Guide Name: Recoleta Neighborhood Walking Tour
Guide Location: Argentina » Buenos Aires (See other walking tours in Buenos Aires)
Guide Type: Self-guided Walking Tour (Sightseeing)
# of Attractions: 8
Tour Duration: 2 Hour(s)
Travel Distance: 3.9 Km or 2.4 Miles
Author: irenes
Sight(s) Featured in This Guide:
  • National Museum of Decorative Arts
  • Floralis Genérica
  • Palais de Glace
  • Centro Cultural Recoleta
  • Iglesia Nuestra Señora del Pilar
  • Recoleta Cemetery
  • Village Recoleta
  • The Isaac Fernández Museum of Spanish American Art
National Museum of Decorative Arts

1) National Museum of Decorative Arts (must see)

The National Museum of Decorative Arts (Spanish: Museo Nacional de Arte Decorativo) is a repository of European and Asian sculpture artifacts and paintings. It is housed in a building once owned by the Argentine ambassador to France.

The museum is housed in the ornate neoclassical mansion that once belonged to Matias Erazurriz and his wife Josefina de Alvear whose grandfather Carlos Maria de Alvear was an Argentine independence-era leader. It was designed in 1911 by French architect Rene Sergent and completed in 1916. The couple decorated the building with their vast collection of art and artifacts. Matias Erazurriz donated the building to the government to establish a museum after the death of his wife in 1935 and the present museum opened its doors in 1937. The museum plays host to choral concert performances and houses the Argentine Academy of Letters, an organization established in 1944 for research and development of the Spanish language.

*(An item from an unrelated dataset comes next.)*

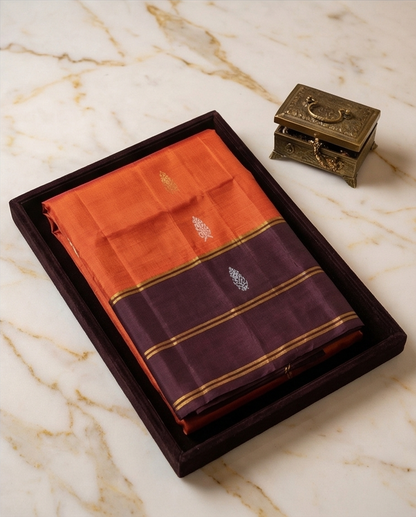 Rist Orange Kanjivaram Silk Saree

The museum has twelve exhibition halls with nine permanent collections. The 4000 works of art include El Greco’s Jesus Bearing the Cross Uphill, Edouard Manet’s Portrait of Abbe Hurel, the Deer Hunt by Alfred de Dreux, the Eternal Spring sculpture by Auguste Rodin and a vast collection of Asian art including crockery and cutlery, figures, miniature art and tapestry. The collection is also complemented by temporary exhibits, and the museum hosts regular choral concerts as well as classes and seminars.

Why You Should Visit:
If you're curious to see how the Argentine elite lived a century ago, this is your place.
Extensive, interesting in-house collection and very good rotating schedule exhibitions.
Downstairs guided tour is helpful to appreciate the many architectural curiosities but there are also descriptions of each room in English.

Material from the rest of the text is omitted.